De retour de vacances à Kashan, nous préparons cette traversée en commençant par un barbeuc familial du vendredi - équivalent de notre poulet rôti du dimanche, dans d'autres proportions ! - en plein désert. Ici c'est l'activité familiale du vendredi et derrière chaque buissons et petite bosse de sable se cache une nappe remplie d'Iraniens joyeux en pic nic! Et après plusieurs thés, il devient même difficile de trouver un petit coin!

Chef Barbeuc de Compete


C'est parti, nous sommes le 3 février, nous mettons de l'eau dans  notre bosse* et enfourchons nos chameaux d'acier. Si tout va bien dans une semaine environ nous devrions être à Garmeh, vendu comme une oasis de rêve au milieu du désert. Il nous faudra alors une autre semaine pour rejoindre l'autoroute Téhéran-Mashad en traversant 150 km sans ravitaillement possible.
Nous abordons la plaine du sud de Kashan la fleur au fusil. Nous avons une fois de plus de la chance sur la météo, le nord de l'Iran sort tout juste d'une vague de froid et de chute de neige jusque dans le désert ! Il en restera quelques traces, mais nous aurons beau temps. Pas facile de camper dans la plaine, on est jamais très discret et il est difficile de s'isoler du bruit de la route. La nuit tombe, on trouve sur le gong un caravansérail en ruine qui sera parfait pour nous abriter de la vue, du bruit et du vent. Bon, c'est rempli de crotte de mouton mais surtout ces énormes empreintes feront marcher notre imagination. Il y a encore quelques guépards asiatiques en Iran et si les traces sont celles d'un chien, il est tout simplement énorme ! Mais ce n'est pas un chien ni le guépard qui viendra nous tirer de notre sommeil. 23h nous ronflons depuis longtemps quand des phares viennent se figer sur la tente. Alexis est plus prompt, moi ça ne m'a même pas réveillé. Alexis balance des grands Salam pour montrer qu'on est là.
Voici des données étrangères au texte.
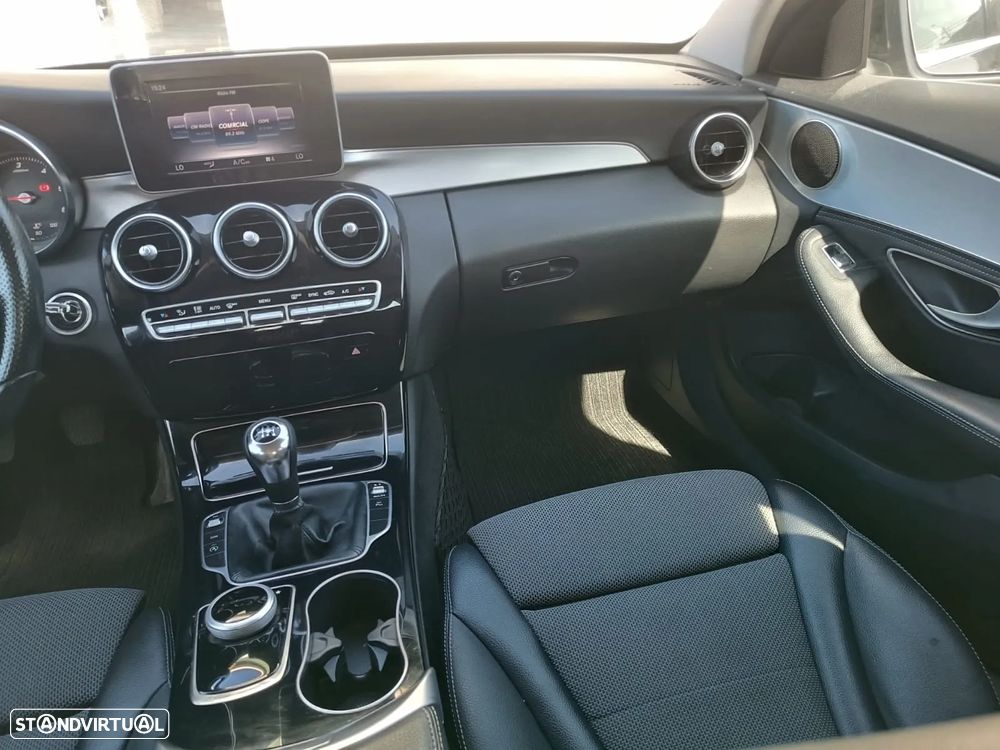 Mercedes-Benz C 220 BlueTEC Avantgarde - 14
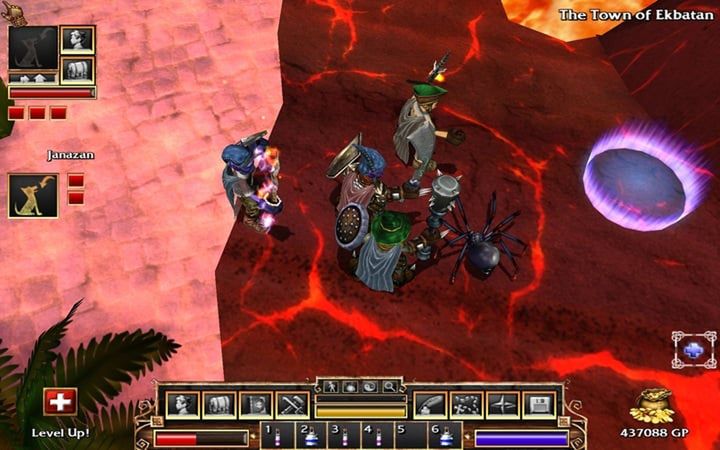 FATE: The Cursed King. Źródło: WildTangent. - Dziś w Amazon Prime Gaming odbierzecie RPG akcji dla fanów klasyki i survivalową grę eksploracyjną „jak żadną inną” - wiadomość - 2025-09-18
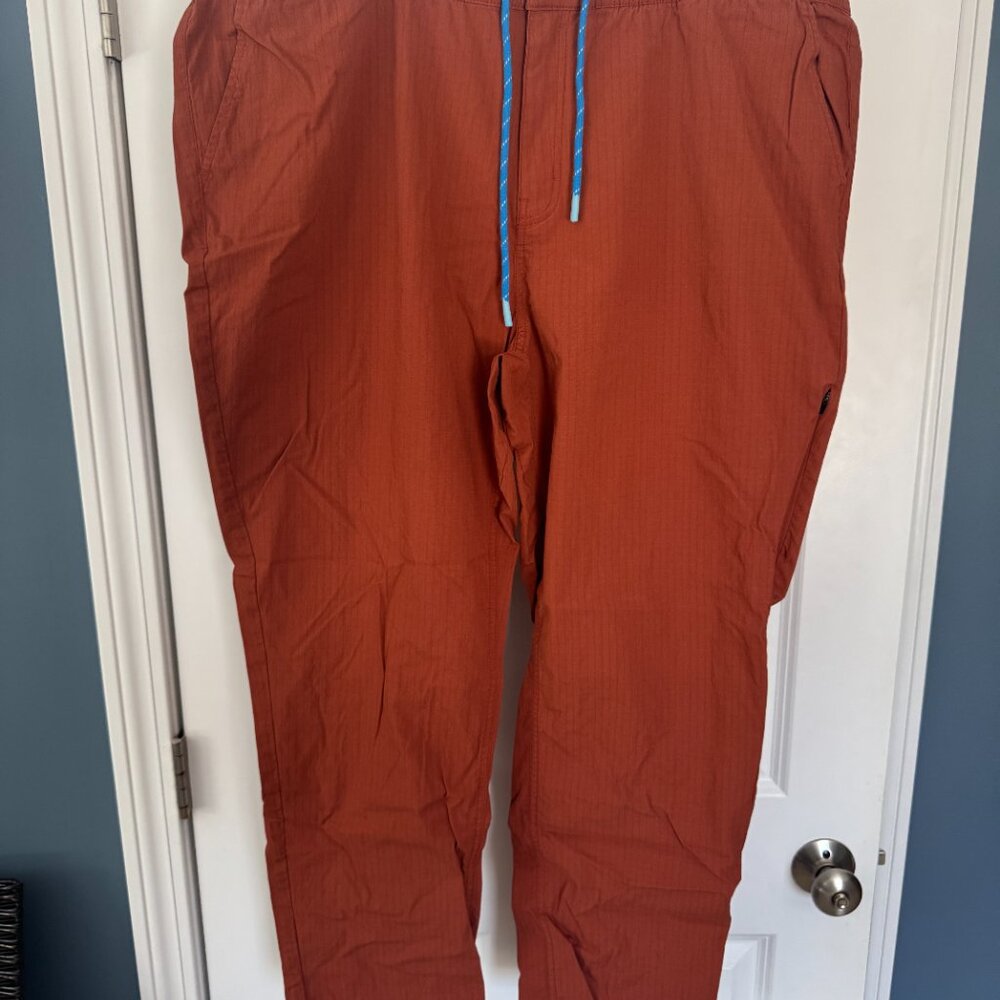NWOT Men's Cotopaxi Salto Ripstop Pants XXL Hiking/Travel Pants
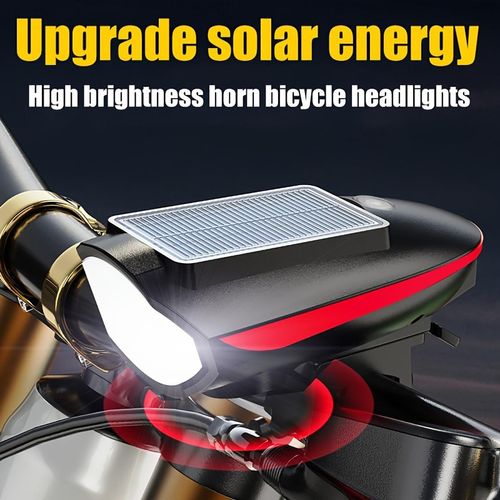 Cycling lights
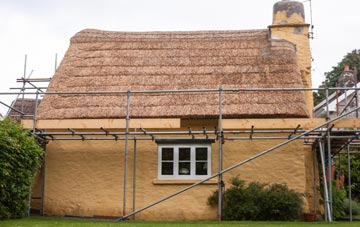 Newry thatch roofing costs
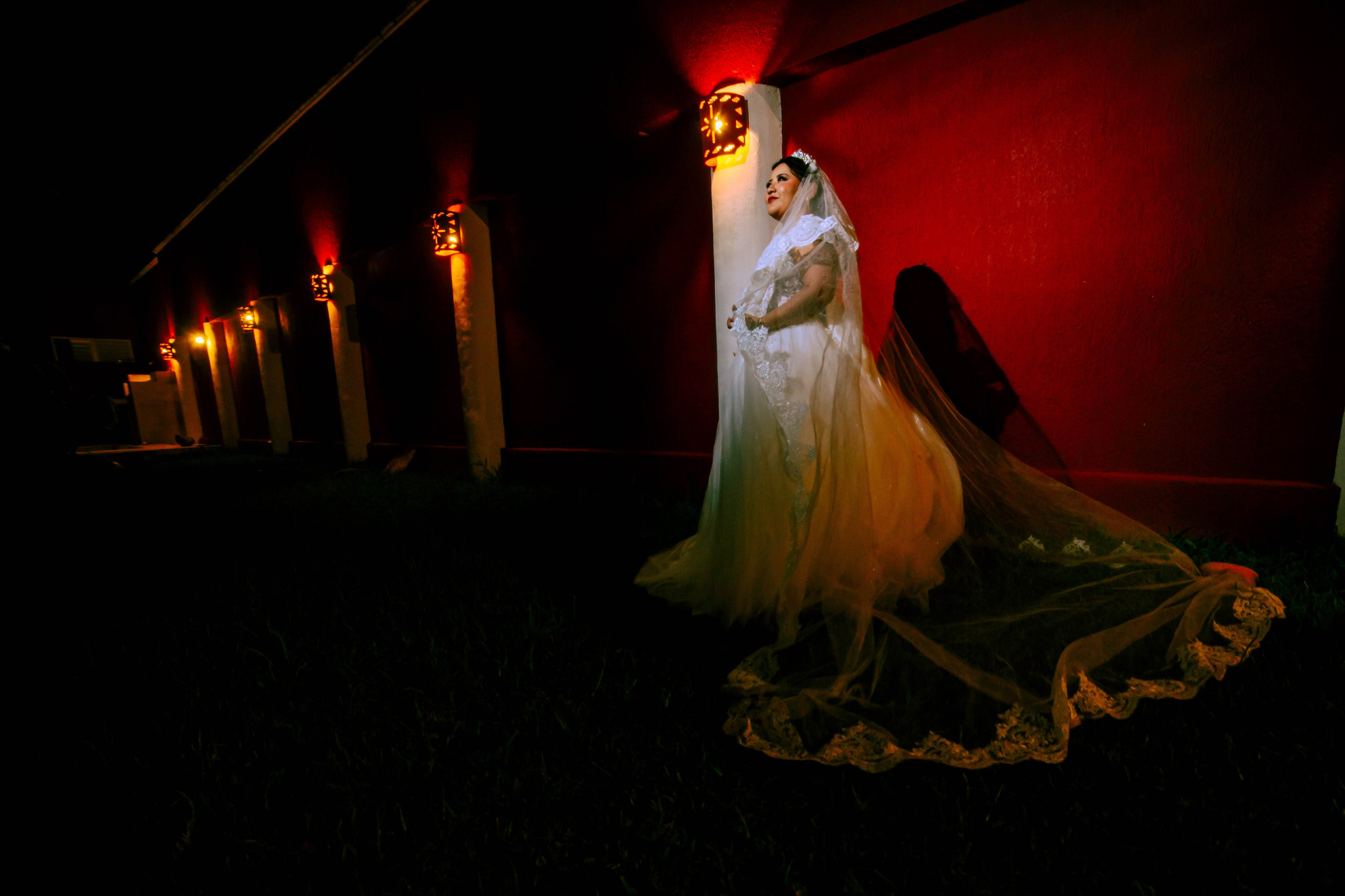 CRISTEL Y FERNANDO. Fotógrafo "dD" Didier Dzul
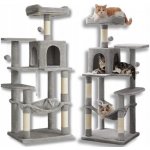 Feandrea Velké škrabadlo 55 x 45 x 143 cm – Zboží Dáma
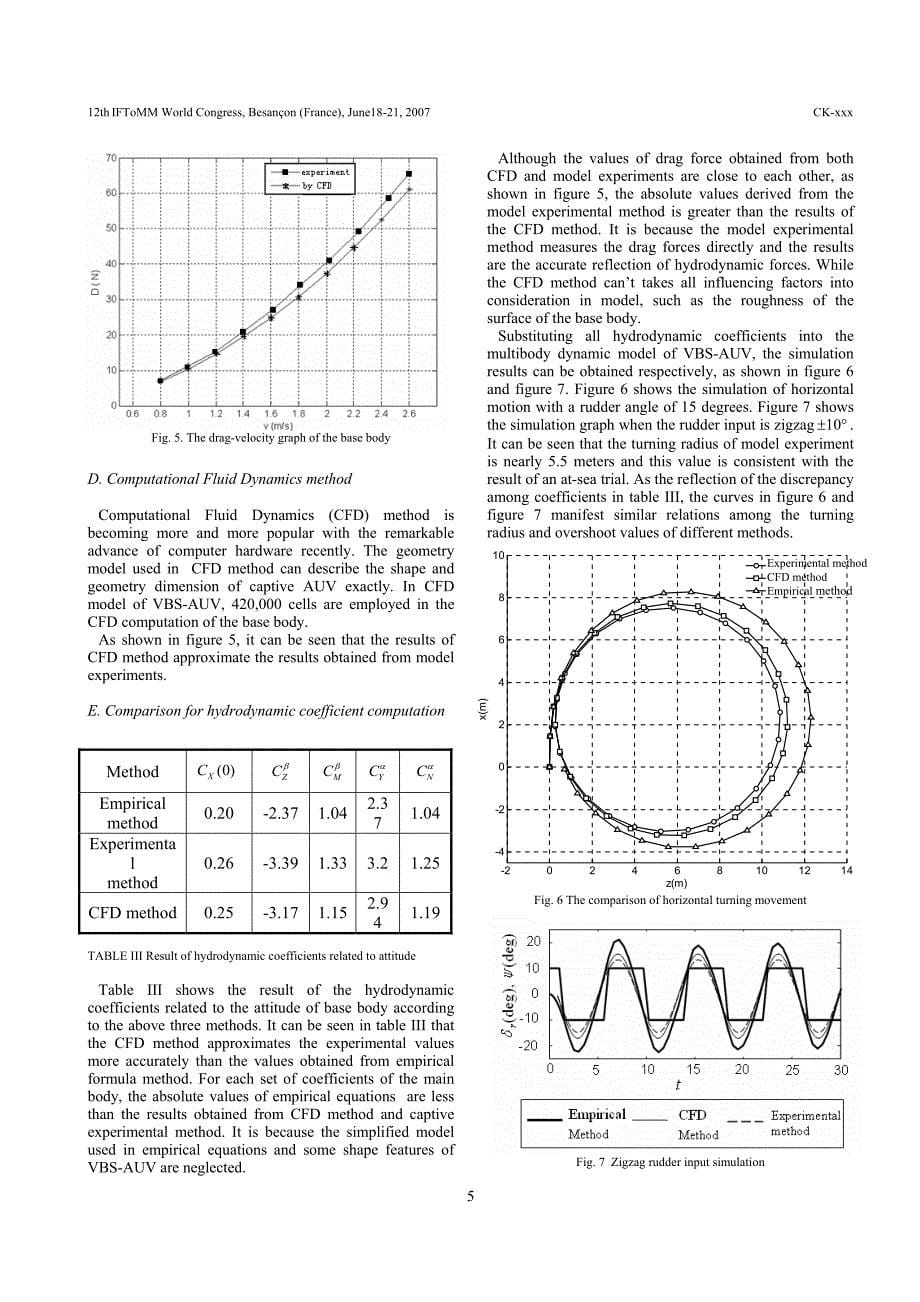 英文-多体水下航行器模拟及分析动力学_第5页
J'ai à peine réussi à soulever les paupières que 4 visages curieux s'alignent dans l'ouverture de la tente, et commencent à discuter tranquillement avec Alexis qui tient mieux la baraque. Les 4 curieux repartent aussi vite en prenant soin de faire une jolie trace de pneus tout autour de la tente !




Nous aurons jamais trop de difficulté  à nous ravitailler. Malgré ce milieu hostile, des petits villages viennent ponctuer notre route à minima une fois par jour. Quand nous le pouvons nous faisons étape pour manger dans un village le midi et le soir nous bivouaquons après un village où nous faisons courses et prenons de l'eau. Le midi, nous découvrons dans les "fastfood" Iraniens, les falafels. Servi en sandwich avec des crudités, nous sommes contents de varier des brochettes de poulet (kebab) sur tas de riz. Et surtout le sandwich au falafel coûte 60 centimes d'euros ! Une aubaine pour notre budget serré. Le soir c'est nos traditionnelles "pâtes à l'oignon",qu'on apprécie toujours autant.
Le désert nous repose, on doit avoir l'esprit libre parceque le soir on prend enfin le temps de sortir nos petits jeux de société. Et quand le ciel s'y prête, on sort le bouquin sur les étoiles offert par Erika, (l'Autrichienne rencontrée en Grèce qui avait un observatoire astronomique dans son jardin) et on reluque Orion à la jumelle.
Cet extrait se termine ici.